The Maserati Tipo 26 was a model of Grand Prix racing car and was the first car built by Italian manufacturer Maserati, for a total of 11 examples, between 1926 and 1932.

The Tipo 26 originated from a Grand Prix car that Alfieri Maserati had designed for Diatto: when the collaboration between Maserati and Diatto ended, Alfieri took his design to the Bologna workshop that he had set up with his brothers in 1914.

The design of the Tipo 26 consisted of a steel ladder-type frame supporting a supercharged inline-8 engine with a three-speed manual transmission and an aluminum two-seater bodywork made by Medardo Fantuzzi.

The engine featured a crankshaft-driven Roots supercharger, twin gear-driven overhead camshafts and dry sump lubrication; to comply with the 1926 Grand Prix regulations the displacement was fixed to 1.5-litres.
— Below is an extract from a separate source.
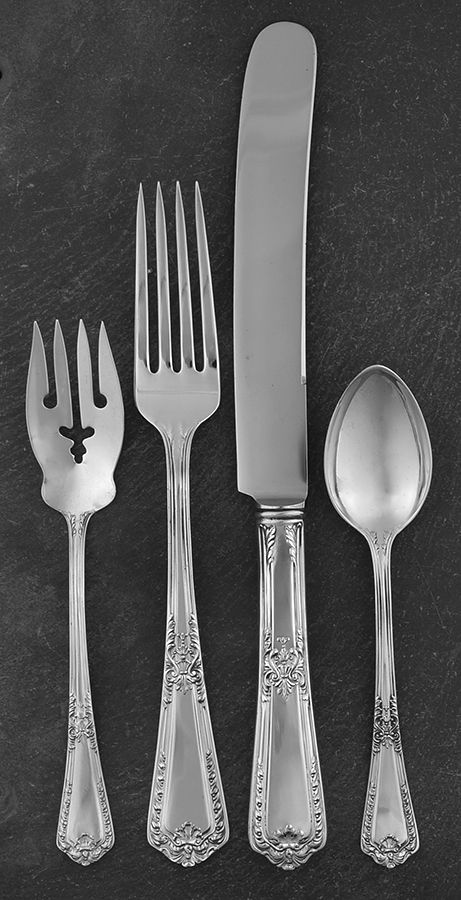 Heritage (Sterling, 1924) 32 Piece Estate Set by Reed & Barton-1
At its debut race in the 1926 Targa Florio, the Maserati Tipo 26, with Alfieri Maserati driving and a young Guerino Bertocchi as riding mechanic, finished first in the Grand Prix class and ninth overall.

Tipo 26 MM
For the 1928 Mille Miglia endurance race, two new chassis were fitted with roadster bodies featuring cycle wings, running boards, doors, headlights, a small windshield, a folding canvas top and two spare wheels mounted on the tail. Under the hood the engines were the same as found in the Tipo 26 Grand Prix. Those cars were known as Tipo 26 MM.